A 39-year-old male with unilateral nasal obstruction and inverted papilloma. Axial T2 fat suppression (a) shows striations to good resolution better than post-gadolinium-enhanced images in (d). Axial diffusion and apparent diffusion co-efficient maps (b) and (c) showed variable apparent diffusion co-efficient values of 1.2–1.7 × 10-3 cm2/s. Axial computed tomography reveals smooth bony remodeling with mild scalloped smooth defect of resorption of postero-lateral wall of the maxillary sinus. Coronal computed tomography image shows marked expansion and bony rarefaction of the sinus walls including the walls at ostio-meatal unit, which is markedly, widened admitting gross nasal extension of the mass (f)

Fig. 2
figure2

A 45-year-old woman with unilateral nasal obstruction and proven nasal inverted papilloma. Axial T2-weighted fat suppression image (a) reveals convoluted type of striated pattern. A cystic lesion is seen not considered to interrupt the imaging signature and likely corresponds to histopathology finding of mucus retention cyst lined by glandular epithelium of the tumor. Axial diffusion and apparent diffusion co-efficient maps in (b) and (c), respectively, show average apparent diffusion co-efficient values of 1.5 × 10-3 cm2/s. Axial post-gadolinium-enhanced exam reveals nodular pattern of enhancement corresponding to enhanced glands of the retention cysts. Axial computed tomography (e) reveals smooth mass effect and mild rarefaction of posterior bony nasal septum and medial maxillary wall. Coronal computed tomography image (f) displaying focal cone-shaped hyperostosis with complete obstruction of the ostio-meatal unit shows smooth widening and no defects

Fig. 3
figure3

A 65-year-old female with bilateral nasal obstruction and epistaxis. Axial T2-weighted image (a) reveals bilateral bi-nasal inverted papillomas, showing linear divergent and multi-directional sclerosis. Axial diffusion and apparent diffusion co-efficient maps (a) and (b) reveal an apparent diffusion co-efficient of 1.5 × 10-3 cm2/s. Axial post-gadolinium-enhanced image (d) reveals striations less conspicuous than T2 images. Axial computed tomography image reveals smooth mass effect with linear sclerosis at turbinate wall, where striations are divergent in relation to the site of focal hyperostosis. Coronal computed tomography image (f) shows the nasal lesions to have considerable intra-antral extensions through widened ostio-meatal units and through rarefied medial wall, as well as through widened post-meatal accessory ostia

Fig. 4
figure4

A 52-year-old male presented with unilateral nasal obstruction and nasal inverted papilloma. Axial T2-weighted image reveals T2 linear divergent diffuse striations with T2 hypo-intensity with T2 ‘black-out’ (b) reflected by compact cellularity and low apparent diffusion co-efficient value measuring 1.1 × 10-3 cm2/s as seen in apparent diffusion co-efficient map (c). Axial post-gadolinium-enhanced image (d) reveals the striations to be more conspicuous than in T2 image.

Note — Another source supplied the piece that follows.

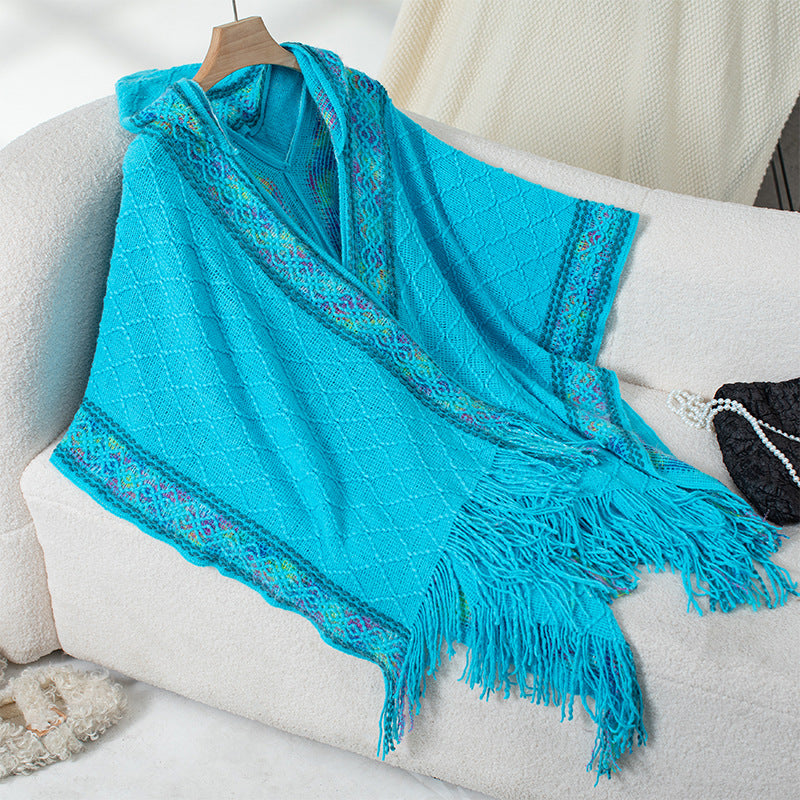 Elegant poncho for ladies with high-quality structured design and fringes Lune London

Axial computed tomography (e) reveals rarefied and widened post-meatal accessory ostium and smooth remodeling of medial maxillary sinus wall. Coronal computed tomography image shows sino-maxillary opacification continuous through smoothly widened ostio-meatal unit with smooth sclerosis of the middle turbinate wall

For the size and location preference, the lesion sizes ranged from 1.7 to 10.5 cm (mean, 6.2 cm), and the shape was lobulated in most of the patients (n = 10), smoothly oval in a single case (n = 1) and elongated in 4 cases (n = 1), while it was non-applicable in a single case filling the sinus cavity and not surrounded by secretions, so lesion margins could not be evaluated. Unilateral disease was predominant on the right side (n = 7) and on the left side (n = 4). Midline disease was reported in three cases (n = 3) with single-moiety sphenoid sinus disease (refer to Table 1).

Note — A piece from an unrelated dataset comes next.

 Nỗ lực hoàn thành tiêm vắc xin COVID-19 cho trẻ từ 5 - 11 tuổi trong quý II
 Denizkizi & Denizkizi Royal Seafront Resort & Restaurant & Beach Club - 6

Table 1 Demographics and clinical picture of all patients, with general morphology of the lesions by imaging

Only two cases (n = 2) had bilateral disease, both had nasal disease. The nasal involvement had the highest prevalence, being noted in ten cases (n = 10), with different combination of nasal and sinus involvement in eight patients and only two strictly unilateral nasal disease; one is showing a nasal mass between the inferior and middle turbinates and another one is epicentered at the classic site of lateral nasal wall, seen opposite the middle meatus. A case of bilateral bi-nasal disease had predominant large nasal lesions with limited frontal sinus extension. Two cases had combined maxillary sinus and nasal disease. Three cases (n = 3) had nasal and ethmoidal involvement with limited frontal sinus extension in two of them and maxillary extension in one. Two cases (n = 2) had combined nasal and maxillary sinus involvement. Three cases (n = 3) had isolated maxillary sinus involvement. Two patients had spheno-ethmoidal sinus involvement.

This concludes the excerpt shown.